Vocation Ltd (ASX: VET) shares entered a trading halt for the second time in as many months on Tuesday after the company decided it was necessary to "enable the Company to complete certain financial reviews which are currently in progress and, following completion of those reviews, make an announcement to the ASX updating the Company's FY15 guidance".
The trading halt comes a little over a month after the company announced that the Victorian Government was to pull $19.6 million of funding from two of Vocation's Registered Training Organisations (RTOs), BAWM and Aspin. The announcement has resulted in an 84% fall in the share price since shareholders were alerted to the review conducted by the Victorian Government.

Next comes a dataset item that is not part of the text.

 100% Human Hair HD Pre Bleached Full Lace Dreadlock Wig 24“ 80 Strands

Since then, Chairman and former federal Labor minister John Dawkins has resigned, shareholders have called for the sacking of Vocation's CEO Mark Hutchison, and litigation funder Bentham IMF Ltd (ASX: IMF) announced it would be funding a class action against the company.
Should you be worried?
If shareholders weren't already concerned about the future of the company, they have every right to be now. I made a guess previously about how the funding cut might hit the company's bottom line, however it appears that I may have seriously underestimated the impact.

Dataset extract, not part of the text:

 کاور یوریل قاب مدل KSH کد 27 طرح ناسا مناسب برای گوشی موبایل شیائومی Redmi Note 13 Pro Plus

The ruling, and subsequent media coverage, has damaged the brand's reputation as well as others in the industry according to Navitas Limited (ASX: NVT) CEO Rod Jones. In addition, the loss of Mr Dawkins will surely impact the group's previously strong relationship with regulators and funding bodies.
Vocation's FY15 profitability is at question now and the exodus of students following the ruling could be severe. CEO Mark Hutchinson predicted at the time of the decision that EBITDA would decrease by between 10-15% compared with the previous estimate of $64 million. This would imply a new range of $53m to $57m, however yesterday's trading halt implies that the guidance may be under threat.